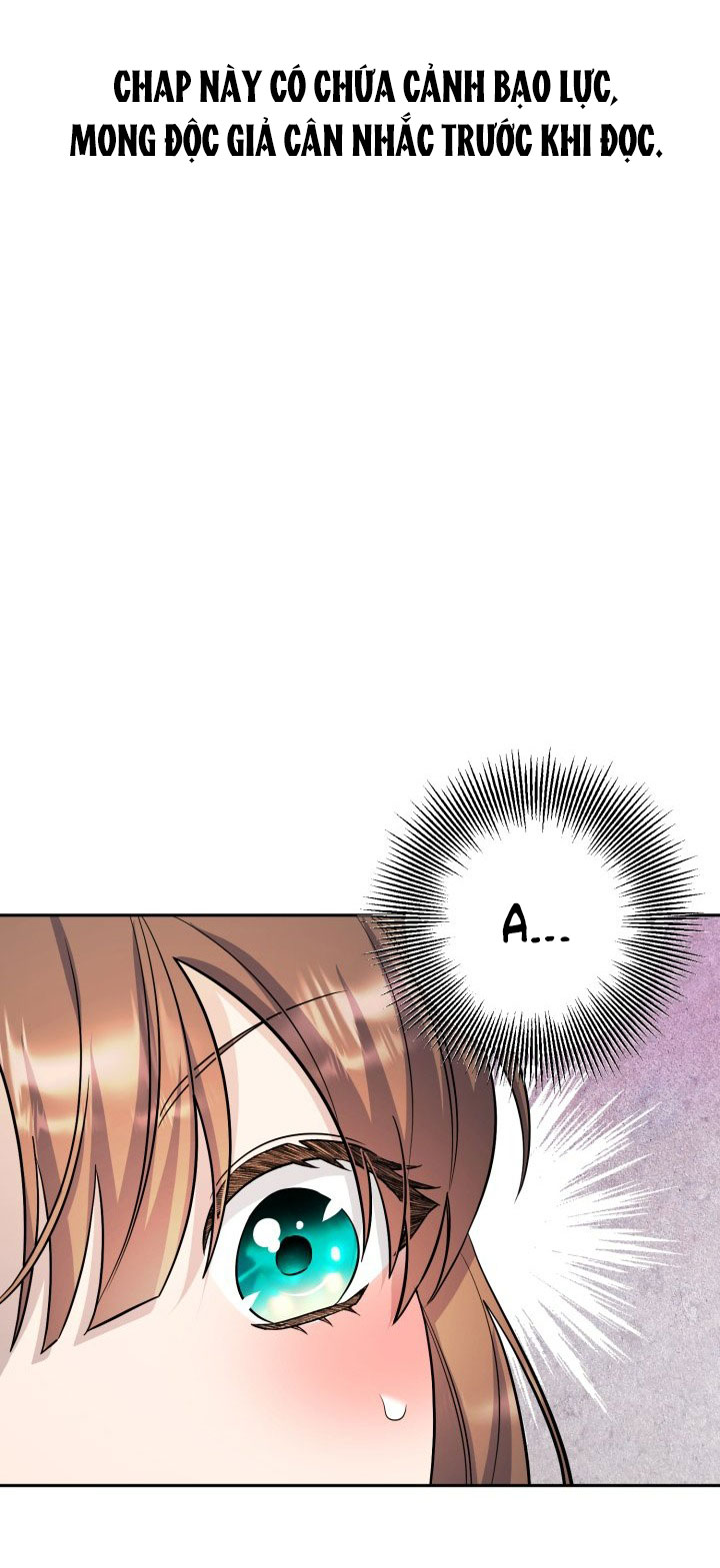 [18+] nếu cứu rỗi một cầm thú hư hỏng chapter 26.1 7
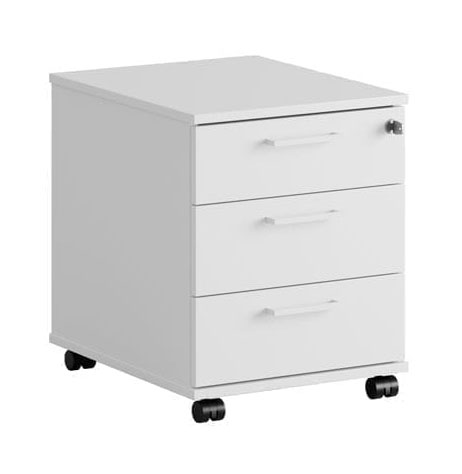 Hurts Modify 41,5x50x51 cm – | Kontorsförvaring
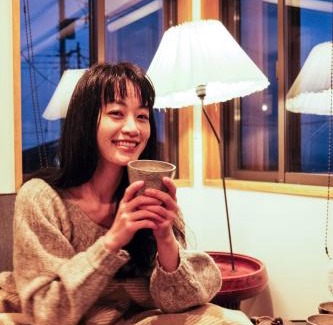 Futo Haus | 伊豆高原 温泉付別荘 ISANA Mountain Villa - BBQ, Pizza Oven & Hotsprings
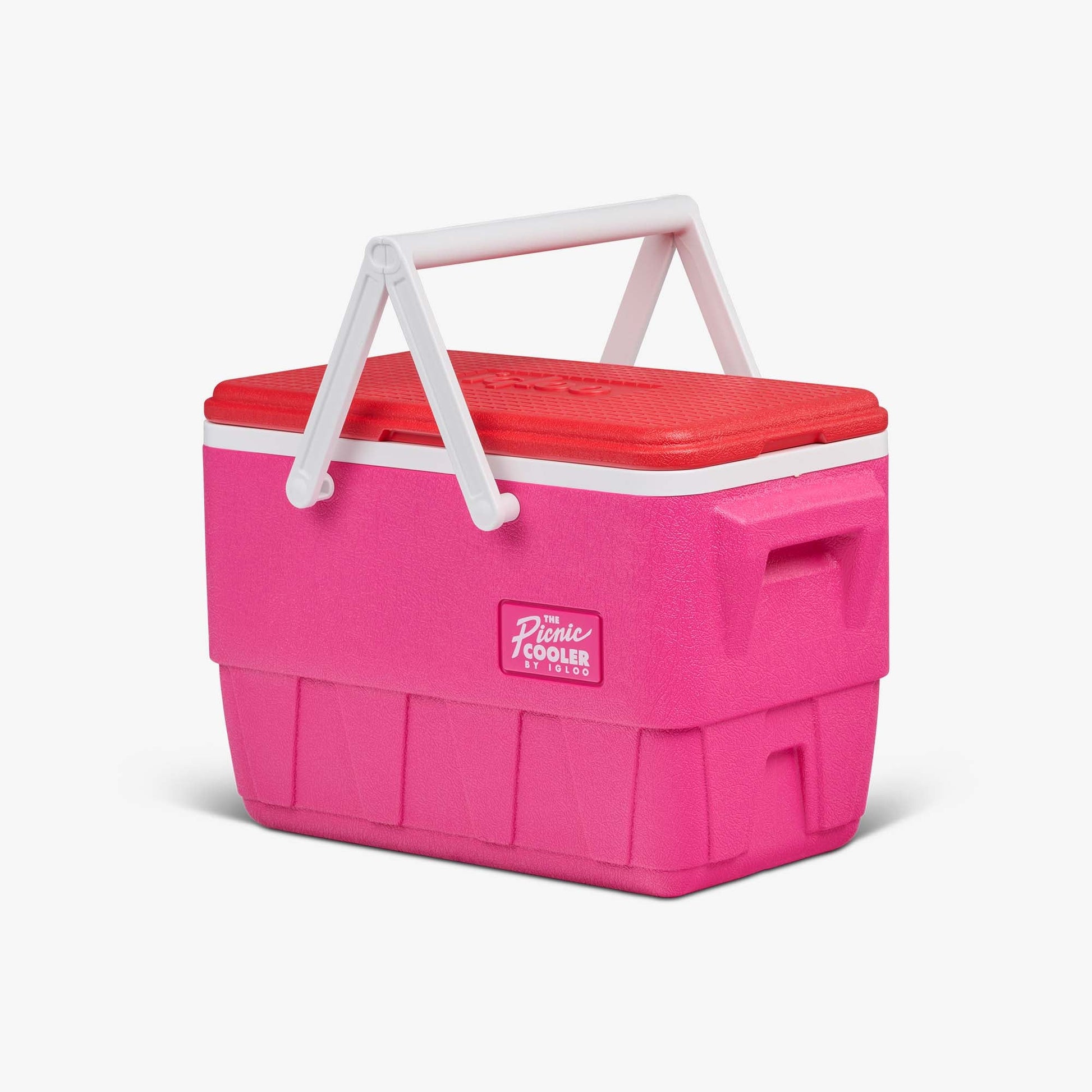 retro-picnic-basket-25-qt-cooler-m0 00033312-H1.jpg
---
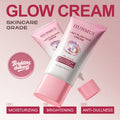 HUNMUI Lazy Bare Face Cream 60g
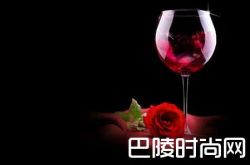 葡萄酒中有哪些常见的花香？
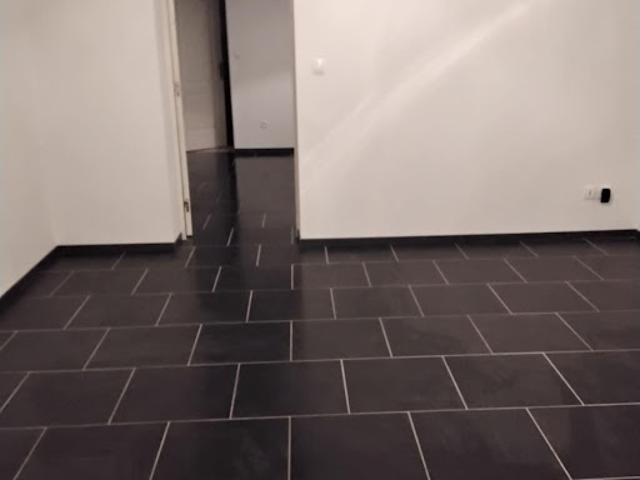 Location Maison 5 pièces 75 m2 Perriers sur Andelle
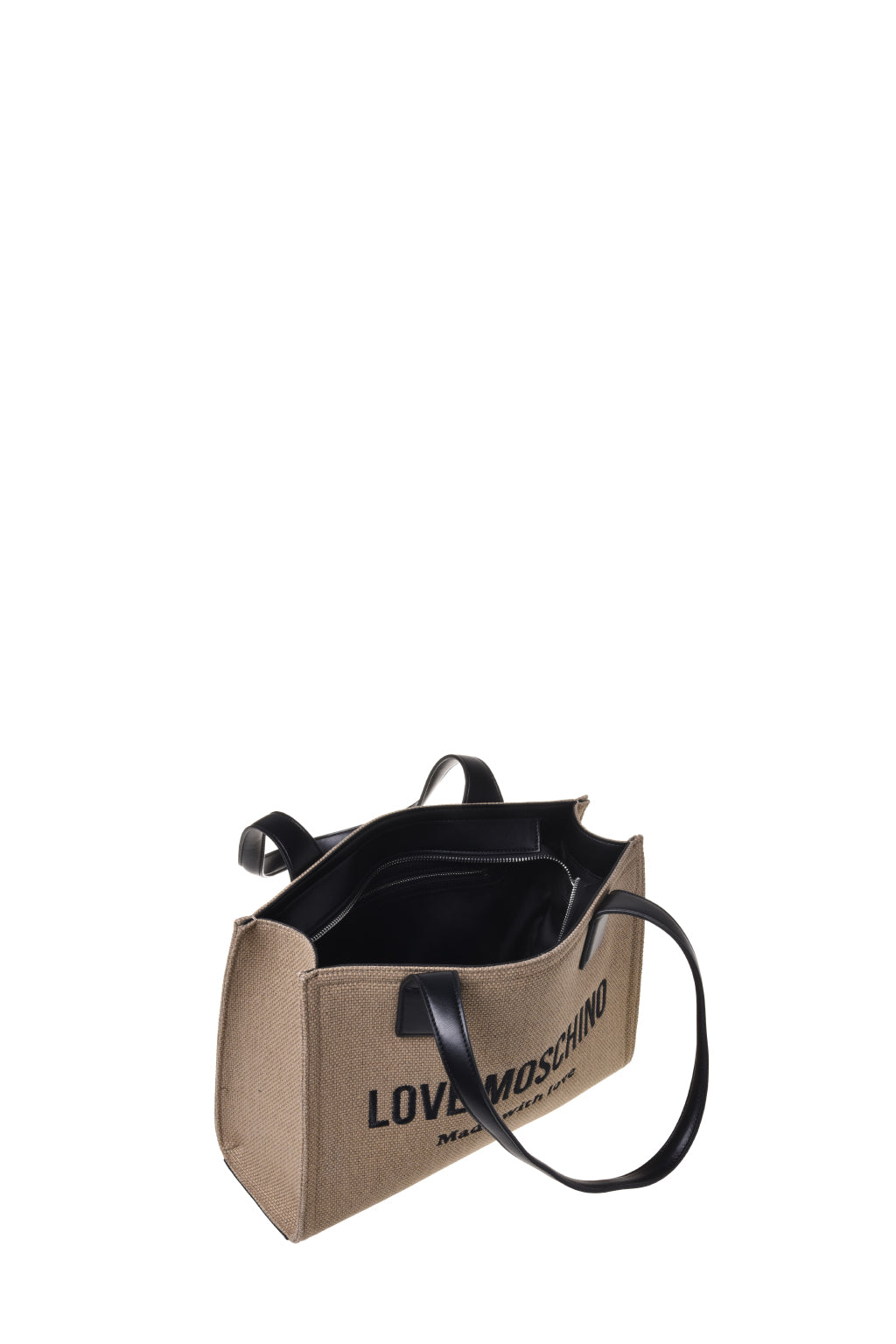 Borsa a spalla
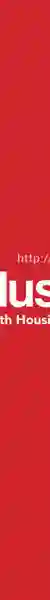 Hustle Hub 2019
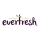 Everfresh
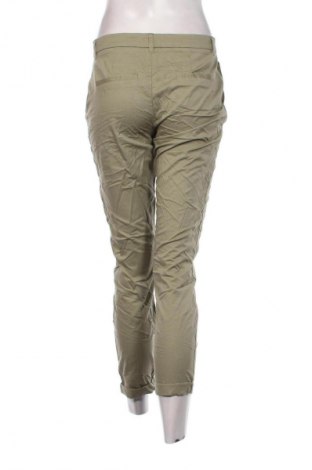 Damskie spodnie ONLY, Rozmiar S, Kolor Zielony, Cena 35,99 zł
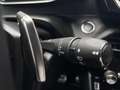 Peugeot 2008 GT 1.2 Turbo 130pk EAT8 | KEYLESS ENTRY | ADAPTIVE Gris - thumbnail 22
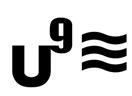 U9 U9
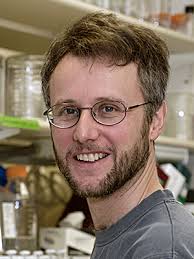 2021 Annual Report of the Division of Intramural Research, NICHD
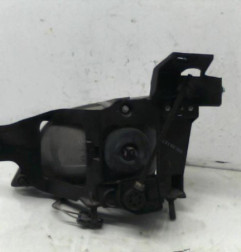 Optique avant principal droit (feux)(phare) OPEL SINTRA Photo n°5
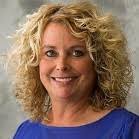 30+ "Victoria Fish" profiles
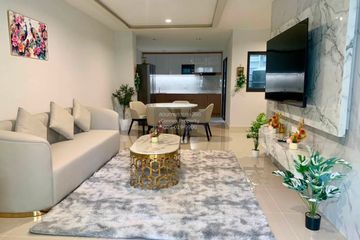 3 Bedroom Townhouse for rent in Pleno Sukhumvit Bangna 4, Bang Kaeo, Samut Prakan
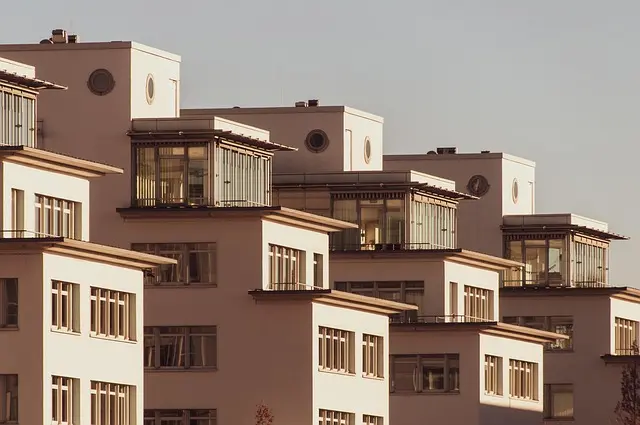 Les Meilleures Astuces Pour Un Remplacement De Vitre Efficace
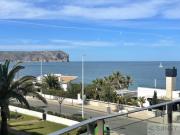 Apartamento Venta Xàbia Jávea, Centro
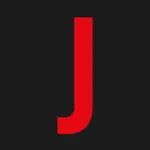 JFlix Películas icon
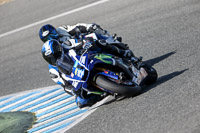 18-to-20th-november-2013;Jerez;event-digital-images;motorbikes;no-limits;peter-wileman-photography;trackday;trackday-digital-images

## Work instructions
From the listing above, please give again the lines that begin with the line holding "[18+] nếu cứu" and go on through the line holding "retro-picnic-basket-25-qt-cooler-m0 00033312-H1.jpg", exactly, both ends included, minus any picture.

## Answer to this exercise
 [18+] nếu cứu rỗi một cầm thú hư hỏng chapter 26.1 7
 Hurts Modify 41,5x50x51 cm – | Kontorsförvaring
 Futo Haus | 伊豆高原 温泉付別荘 ISANA Mountain Villa - BBQ, Pizza Oven & Hotsprings
 retro-picnic-basket-25-qt-cooler-m0 00033312-H1.jpg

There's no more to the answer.